Cairo - For years, President Bashar Al-Assad has nurtured a reputation as a leader in a region full of aging of autocrats young and looking to the future, a man who could still reform repressive police state, he inherited from his fathergiven the time and opportunity.
The country of the worsening of the crisis - a bloody battle between police and demonstrators which is closely monitored throughout the world - would seem to be a chance to stave off violence with restraint or even bold reforms, never had a path of his father. But as dead frames and alarming disappearance of dissident figures increase, time seems to be missing. International pressure is growing, and is therefore the indignation has inspired its violent repression.
Mr. Al-Assad could still succeed to quell unrest, diplomats and analysts say. But to do this, it would have to realize the hopes once placed in him when he inherited the power of his father 11 years and to cope with his own family, which controls the Syria brutal security apparatus and seems to be intensely for continued repression. At least 120 people were killed since Friday, the bloodiest day of the insurgency in five weeks.
In the past two days, the mixed signals have emerged on what path he will take. On the one hand, Mr. Assad alluded to a willingness to adopt greater reforms that those announced last week, when it lifted officially entitled the Syria draconian emergency powers. But there has been dark warnings more severe repression as well. In the notoriously opaque political environment of the Syria, it is impossible to say how the President is supported.
"This is the moment of truth for Bashar al-Assad," said Jean-Pierre Filiu, visiting professor at Columbia University who has written extensively on the Syria. "It potentially has the ability to impose reforms on his own Baath party, but he has the will to do so."
The consequences of his decision could be memorable, perhaps more so than in any other revolts yet seen in the Middle East. The Egypt and the Tunisia, the Syria is houses a defensive checkerboard religious and ethnic minorities and many fear that the end of 40 years of the Assad family dynasty could free murders brutal revenge, and the struggles for power. Chaos could easily spill over to the borders of the Syria, to the nearby Lebanon and beyond.
The administration of Obama already accused Iran to help support Mr. Assad. If the Syria fell, it would mark a striking setback to the theocratic regime in Tehran, which has depended on the Syria for its influence in the Israeli-Palestinian conflict and elsewhere. Yet fatality of the Iran - Israel, the United States and Saudi Arabia - are also deeply disturbed by the prospect of a change of regime in Syria, which could trigger a messy Iraq-style civil conflict.

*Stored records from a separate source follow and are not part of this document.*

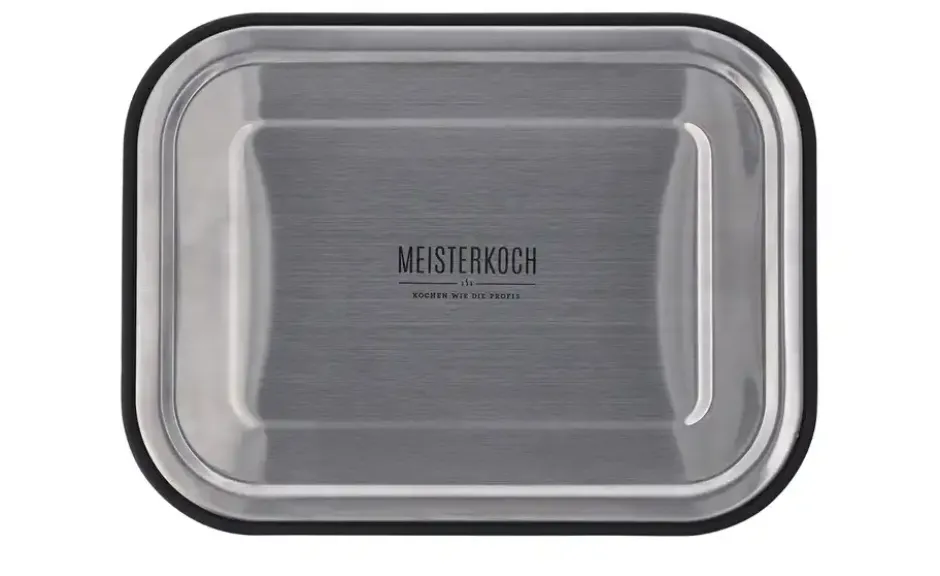Meisterkoch Aufbewahrungsdose M 1000 ml OPTIMUS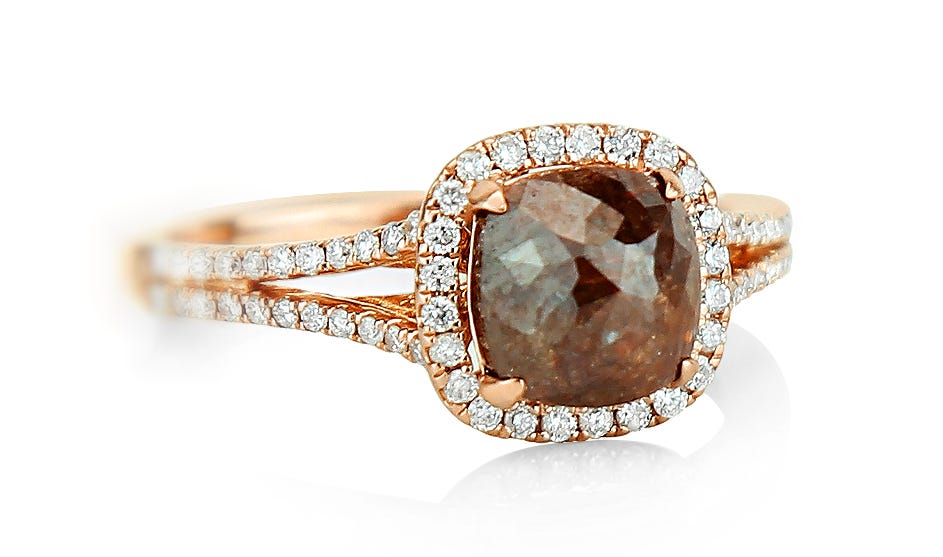 Colored Center Stone Engagement Rings Are Better Than Traditional ...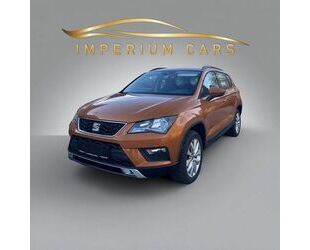 Seat Ateca Gebrauchtwagen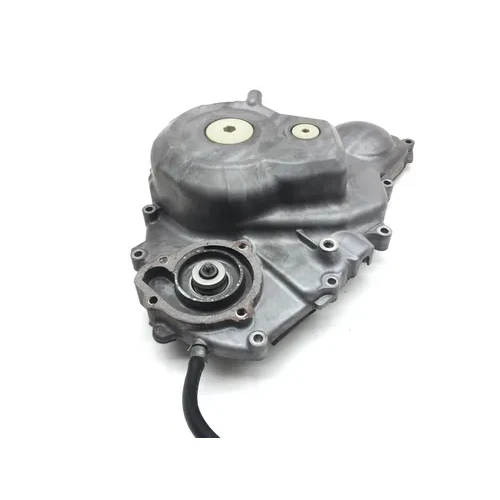 Engine Stator Generator Cover 2016 Yamaha Wolverine YXE 700 4x4 FI 2514A 7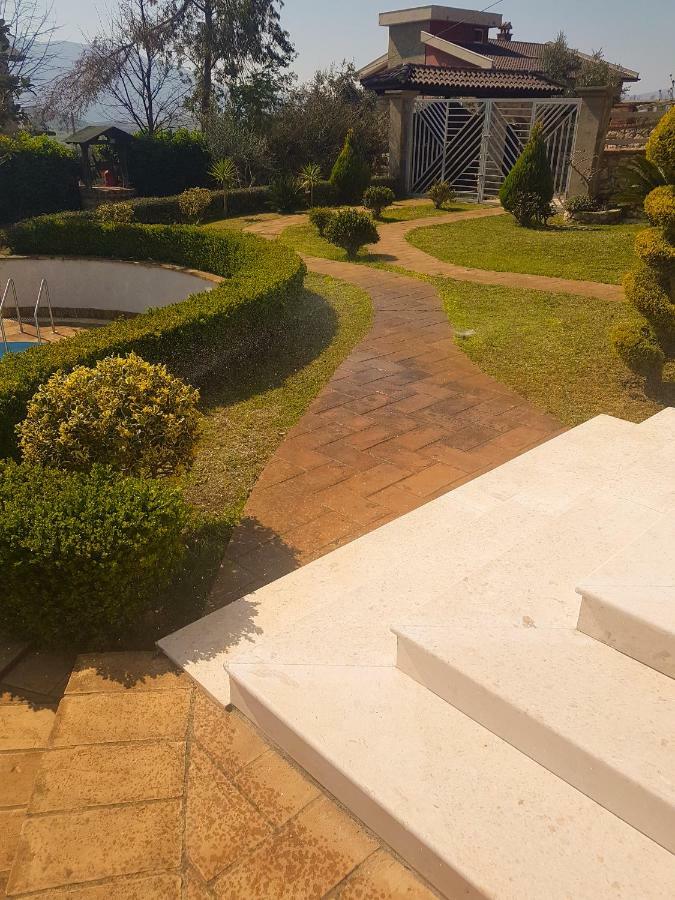 Vila Elida Tragjas ภายนอก รูปภาพ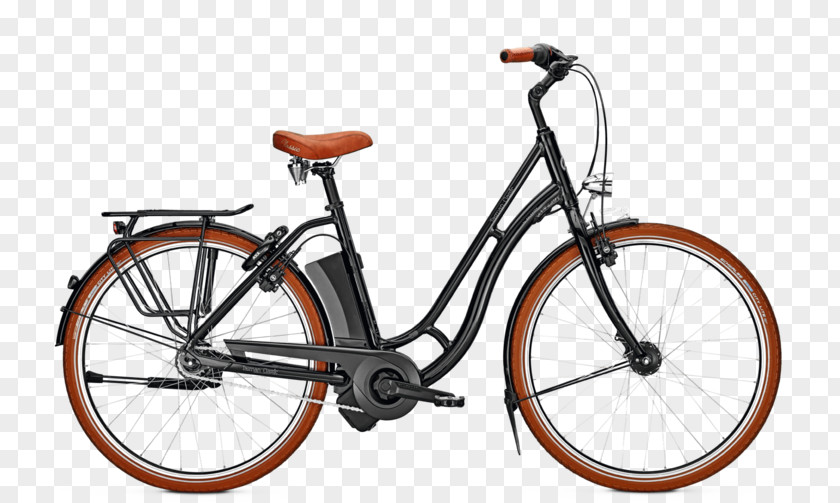 Bicycle Electric Vehicle Kalkhoff Pedelec PNG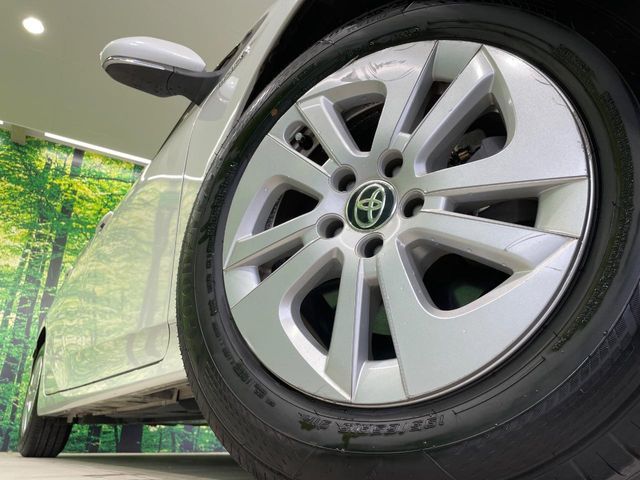 TOYOTA PRIUS 2016 Image 31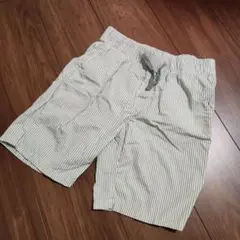 美品✴半ズボン 男子ハーフパンツ H＆M 140~150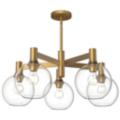 Alora Mood Castilla Gold Collection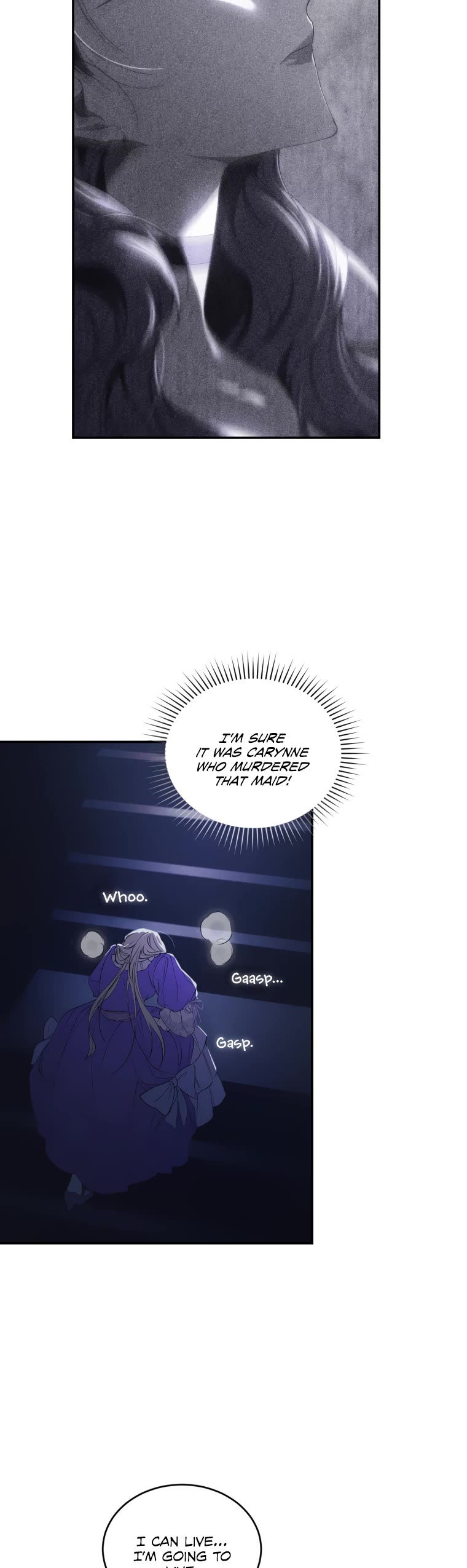 Resetting Lady chapter 30 page 22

Even if Mr. Assad survives, unrest is likely to have profound implications for the Middle East policy, say some analysts. "Our policy Syria together for two and a half years has been based on getting the Syria and Israel return to the peace table," said Andrew Tabler, an analyst with the Washington Institute for Near East Policy. "Now that Bashar accused Israel and the United States of plotting this challenge for him, it will be even more difficult for him to do so."
In a sense, the crisis is now Mr. Assad is the same as that defined his years in power: again and again, he inspired hopes, both at home and abroad, only to disappoint the. Western leaders courted him, in the hope it democratise his country, to make peace with Israel, and stop supporting militant groups Hamas and Hezbollah. Syrian Liberals saw a brief "Damascus Spring" of greater openness after his accession to the throne, but she soon disappeared. His personal style has helped promote these illusions. Unlike his father stern, Hafez Al-Assad, who took power in a coup in 1970, Bashar al-Assad seems calm and almost meek. He had studied ophthalmology in London and had an elegant woman, British-born. He is fluent in English and French and bed widely.
Even until in recent weeks, "there was a tendency to see as distinct from the regime, he could take his role," said an analyst based in the Syria, who spoke the condition of anonymity. But this patience seems to have made financial demands for reform were transformed into requests to terminate the Assad Government, something of far.
As other autocrats, Mr. Assad may be amortized the reality of the uprising; The Syrian State media have portrayed it as the work of agents provocateurs from Israel, Saudi Arabia and even the Lebanon. Some diplomats who know personally say they believe Mr. Assad understands what is happening - and what to do to stop it - but is too hesitant or too timid, to pay.